Wednesday, 27 July 2016

The cost of Corbyn: how Labour's woes are Britain's woes

Every now and then you get a new batch of statistics which are actually interesting. Today we had two.

The first was the revelation, from a study by the Trades Union Congress (TUC). It showed that real wages had fallen in Britain by 10% since the start of the credit crunch in 2007, with only Greece among the advanced economies faring worse. By comparison, real wages grew by 14% in Germany and 11% in France. Indeed, they grew by 23% in Poland: any Brit whose main concern is with high numbers of Polish immigrants, rather than, say, how their own living standards are falling, then they can relax. Far fewer will be coming as the wage differential narrows. Indeed, my wife has met several Brits working in Poland during her own business visits to Kraków in recent months.

A joy for Xenophobes: as they watch their living standards continuing to decline, they can at least take comfort from the falling numbers of Poles entering the country.

The more significant message of the drop is that it confirms what most of us no doubt guessed: it’s anybody who relies on wages, rather than income from capital, who’s footing the bill for the Tory obsessions with austerity.

Fortunately, we have a clear alternative to that policy. Labour is temporarily preoccupied with a leadership contest, but both candidates – the present leader, Jeremy Corbyn, and the challenger, Owen Smith – are equally wedded to putting an end to austerity. We desperately need someone to do that. Despite Tory promises, austerity hasn’t dented the national debt and growth has remained at anaemic levels. The only impact has been to impoverish us all – first morally, as the most vulnerable members of society, the disabled, the long-term sick, the unemployed, the working poor – found all help being withdrawn; but now, we see, materially as well as our incomes are pared down.

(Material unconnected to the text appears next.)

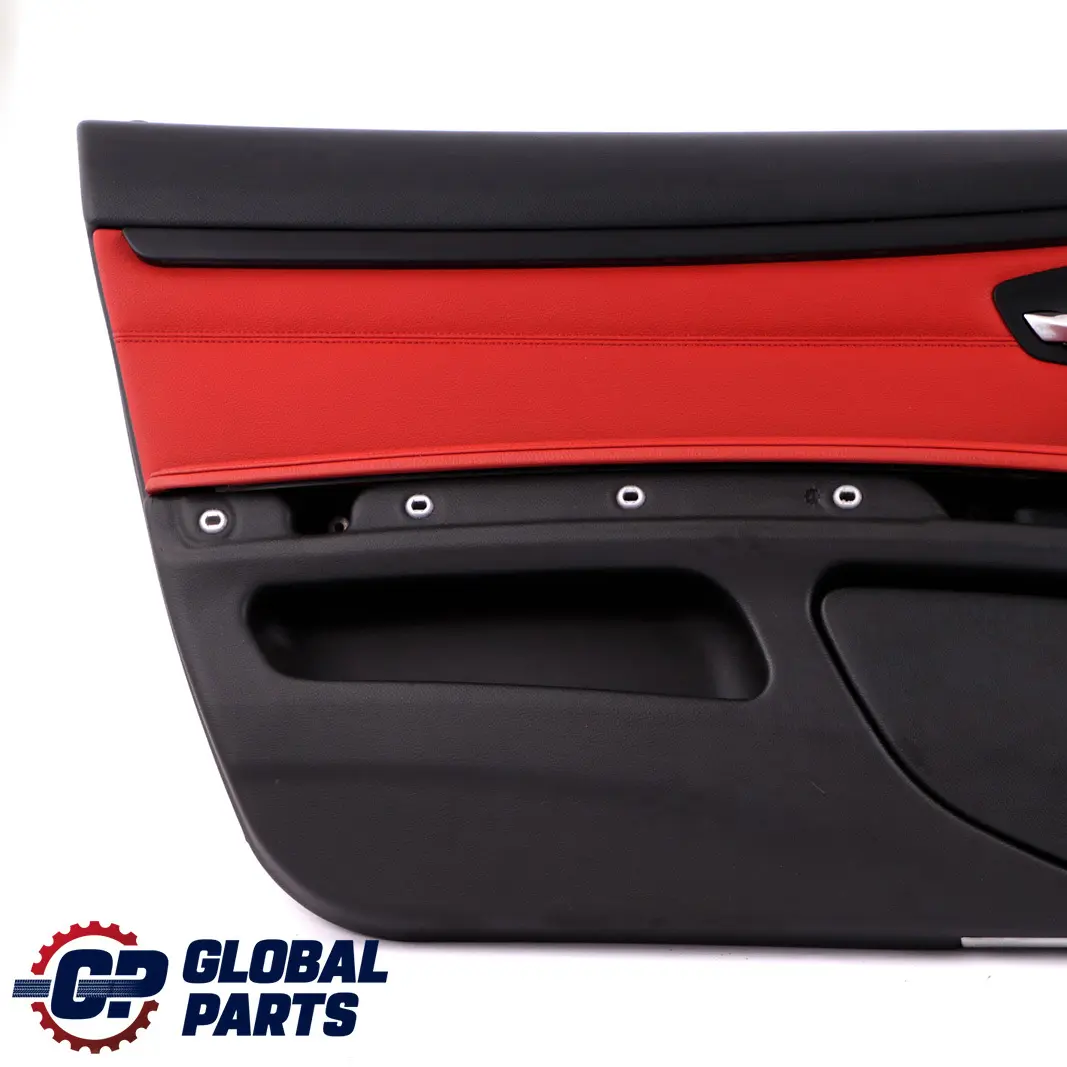 Front Left N/S Door Card Cover Trim Panel Lining Red Leather to BMW E92 E93 with Part number 7219051 BMW E92 E93 Front Left N/S Door Card Cover Trim Panel Lining Red Leather - SKU rhd-7219051 - Part number 7219051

So let’s get the Tories out and Labour back to fix the problem.

Sadly, that’s where we hit the other piece of news, and it’s far from good. The Tories, under their ‘new’ leader – the quotation marks are there because she’s been Home Secretary for the last six years, so she’s hardly new to government – are now 12 points ahead of Labour in the latest YouGov poll.

By way of contrast, at this stage in the 1979-1983 parliament, Labour had a high single-figure lead, but went on to be crushed in 1983. In the 1992-1997 parliament, which ended with the 1997 landslide for Labour, the lead at this point was in the high teens or low twenties.

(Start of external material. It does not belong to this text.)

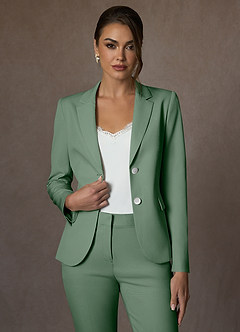 front Whitney Matcha Blazer elasticizzato strutturato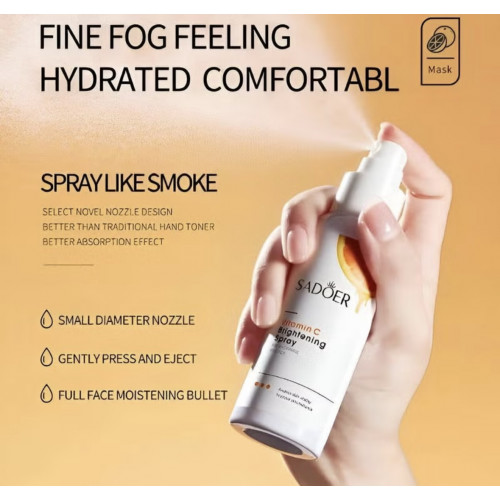 سادور بخاخ فيتامين سي لتفتيح الوجه 100 مل سادور بخاخ فيتامين سي لتفتيح الوجه 100 مل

It’s too early to make anything much of that. A new Tory leader, a new Prime Minister, was bound to get a boost in the polls. We have to wait and see how things go in the next few months to see where they settle. Even so, any lead when the Tories should be behind, is desperately bad news for Labour.

Supporters of Jeremy Corbyn will point out that the attacks on him by his parliamentary colleagues, and the current leadership contest, will have undermined Labour’s position, adding to the Theresa May effect. Except that even before the rebellion against him, the Tories already had a six-point lead. Since the Brexit vote, in which Corbyn played a lamentably low-key role, the gap has merely increased.

To heap on further bad news, the YouGov poll found that only 18% of voters favoured Corbyn as Prime Minister, against 52% for May.

Amazing. Despite falling wages and collapsing public services,
voters still prefer her to him
Worst of all, 29% of people who voted Labour in 2015 say that they prefer May as Prime Minister to Corbyn. That’s a loss of over 2.5 million votes.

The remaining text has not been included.